Der Betrachter erkennt im unteren Teil des Mittelfeldes die Nachbildung des Abendmahls, darüber die Kreuzigung Christi sowie Himmelfahrt und Jüngstes Gericht. Die Vielzahl an Ornamenten und biblischen Figuren sind durch vier gewundene Säulen unterbrochen. Geschaffen hat den Hauptaltar der Otterndorfer Bildschnitzer Jürgen Heydtmann.

Bis 1665 hat hier vermutlich der Flügelaltar gestanden, der später an der Nordseite des Chores (außerhalb der Schranke) aufgestellt wurde und dort noch heute bewundert werden kann. Um 1430 geschnitzt, ist der "Lüderskooper Altar" (er stammt aus Lüderskoop) der älteste gotische Flügelaltar des Hadelner Landes.

Der Flügelaltar, über dessen Entstehung wenig bekannt ist, zeigt eine achtteilige Bildfolge: Mariä Verlobung, die Empfängnis, den Besuch der Maria bei Elisabeth, die Geburt Christi, die Darstellung im Tempel, die Heiligen drei Könige, die Flucht nach Ägypten, den zwölfjährigen Jesus im Tempel.

Unter den Kunstgegenständen im Chorraum fällt darüber hinaus besonders der bronzene Taufkessel aus dem 14. Jahrhundert mit dem barocken Deckelaufsatz ins Auge. Die Pietà aus Eichenholz wurde Mitte des 15. Jahrhunderts gefertigt. Meisterlich herausgearbeitet der ergreifende Ausdruck des Leidens im Gesicht der Maria. Die Holzsäule (14. Jahrhundert) auf der das Vesperbild jetzt ruht, stellte möglicherweise früher einmal den Schaft eines Sakramentshauses dar.

Beachtenswert ferner am Eingang zum Chorraum ist das Renaissance-Lesepult (1776) mit dem Johannes-Adler als oberem Abschluss. Darunter platzierte man Grabplatten aus dem 18. Jahrhundert. Einen Blick wert ist sicherlich auch das Triumph-kreuz aus dem 16. Jahrhundert, das oberhalb der Eingangstür zum eigentlichen Altarraum angebracht ist.

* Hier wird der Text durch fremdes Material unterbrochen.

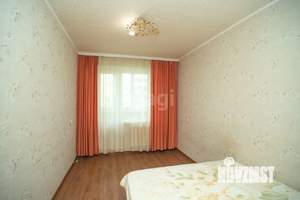 2-к квартира, вторичка, 53м2, 3/9 этаж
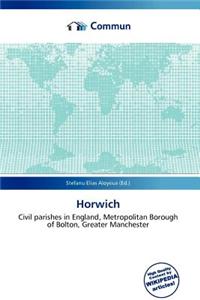 Horwich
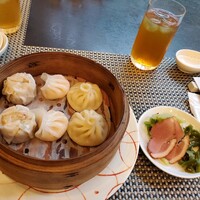 中国料理 麗花 - 
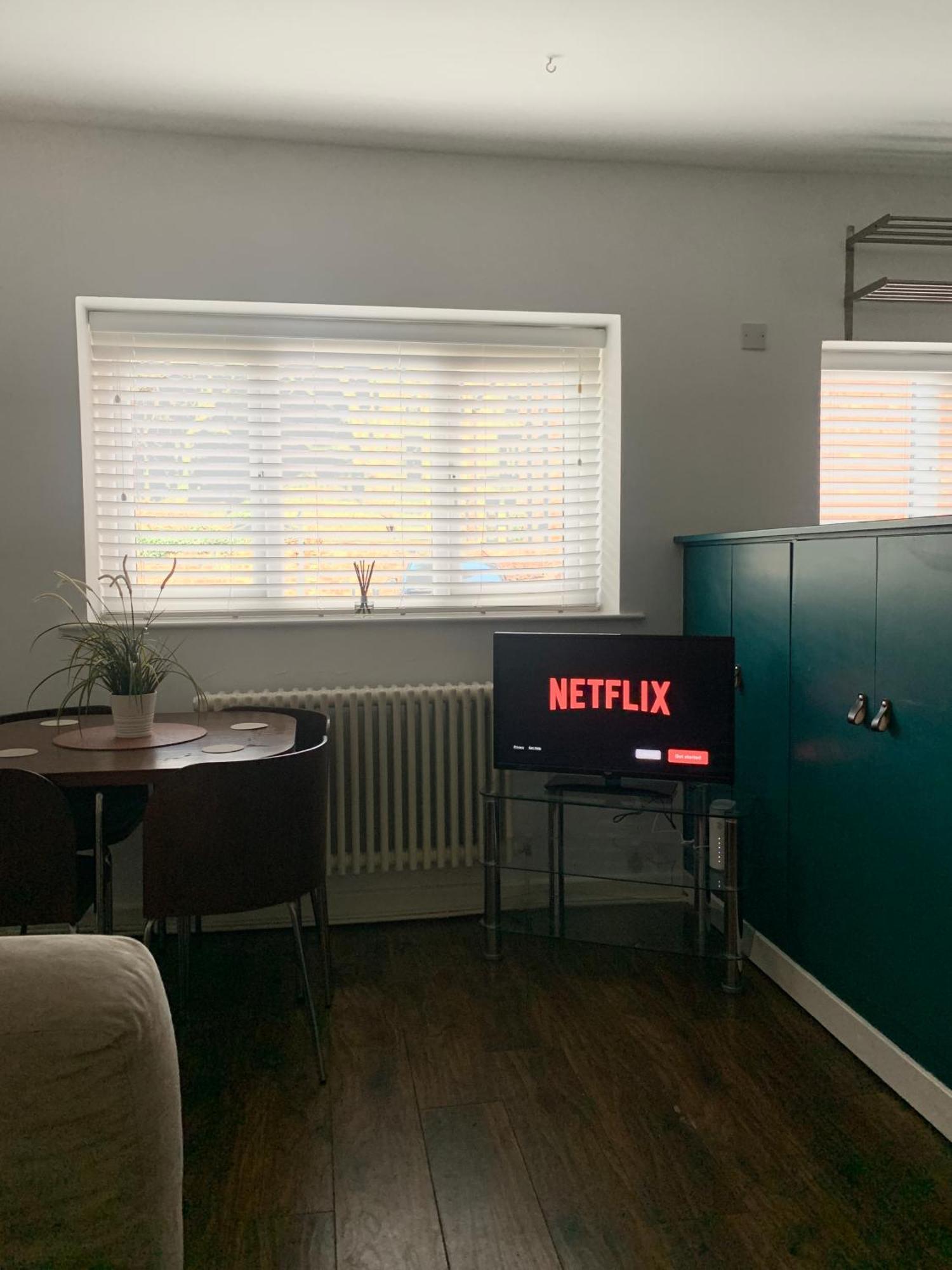 Didsbury Failte Apts - 3 Mins To The Christie's - Ground Floor - Free Parking Apartment Manchester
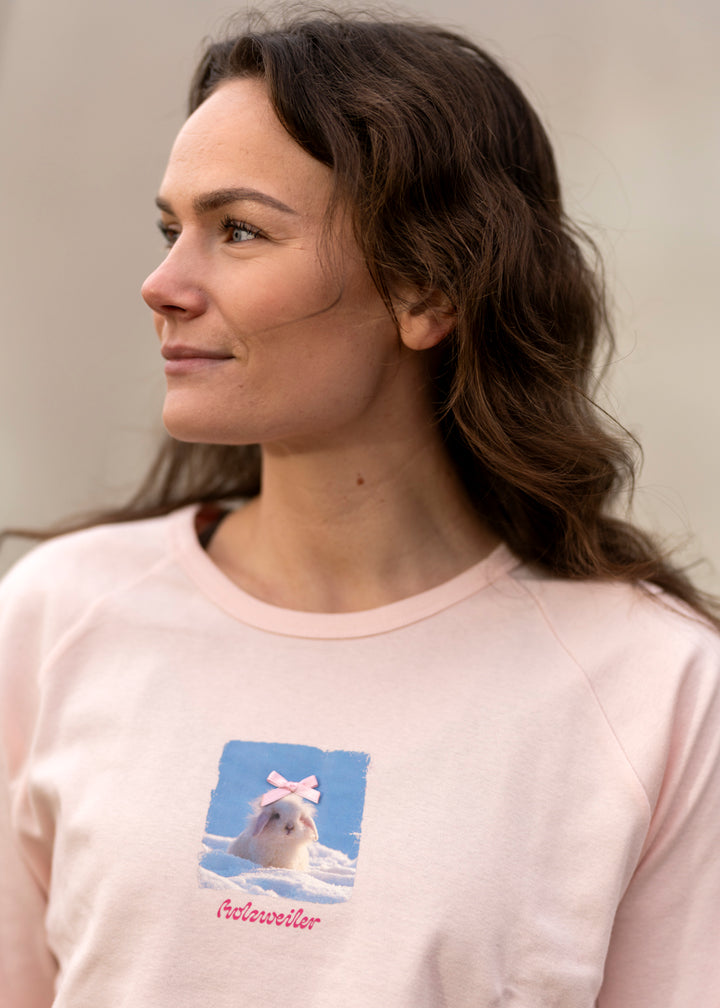 Kitty Longsleeve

Mit Rokokoschnitzwerk verziert und reich bemalt bilden die beiden ausladenden Emporen an der Nordseite der Kirche eine besondere Attraktion. Hier hatten reiche Bauernfamilien früher einmal ihre "Stuhlrechte". Die drei Epithaphien an den Seitenwänden erinnern an bedeutende Persönlichkeiten, die der Kirche und Gemeinde nahe gestanden haben.

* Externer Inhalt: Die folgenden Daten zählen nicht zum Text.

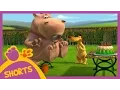 Download Lagu Pat and Stan |  He Who Glues.... (short)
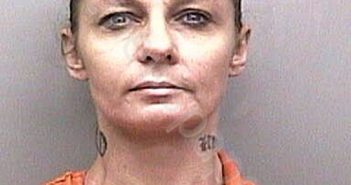<B>HICKS</B>, <B>BRANDI</B> <B>MARIE</B> #, Taylor County, Florida - 2024-01-08 13:33:00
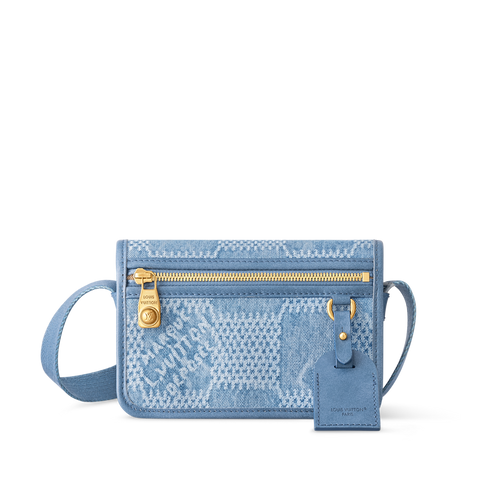 Portefeuille Bosphore Wearable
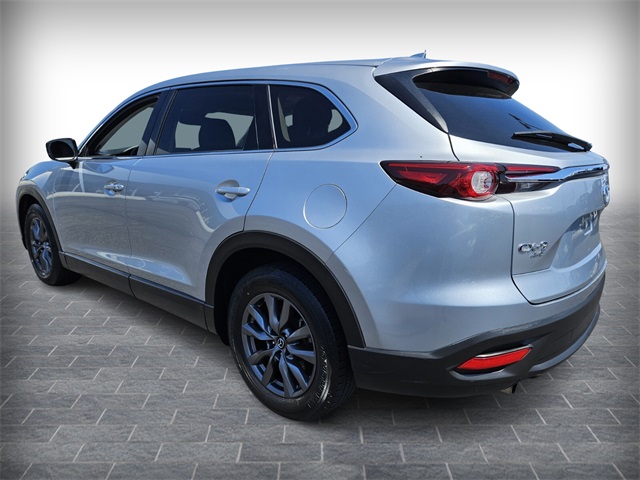 2023 Mazda CX-9 Touring photo 5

Ein zentraler Punkt des "Bauerndoms" ist die prachtvolle Kanzel, an der Schnittstelle von Chor und Schiff errichtet. Es war der Otterndorfer Michael Rinkmaker, der sie 1607 schnitzte und mit figurenreichen Reliefs schmückte. Darüber hinaus verwirklichte er die ungewöhnliche Idee, die Kanzel von einer Mosefigur tragen zu lassen. Oben auf dem Schalldeckel brachte der einfallsreiche Bildhauer die zwölf Apostel an und als Krone die Figur des Heilands.

Das kostbarste Inventar der St. Jacobi-Kirche ist aber sicherlich die Wilde-Schnitger-Orgel, die heute als Musterbeispiel der Orgelbaukunst im Frühbarock bezeichnet wird. Seit 42 Jahren betreut sie Organist Walter Bornemann aus Lüdingworth. Der ehemalige Sonderschullehrer ist nicht nur mit dem 400 Jahre alten Instrument, sondern auch mit dessen Geschichte bestens vertraut.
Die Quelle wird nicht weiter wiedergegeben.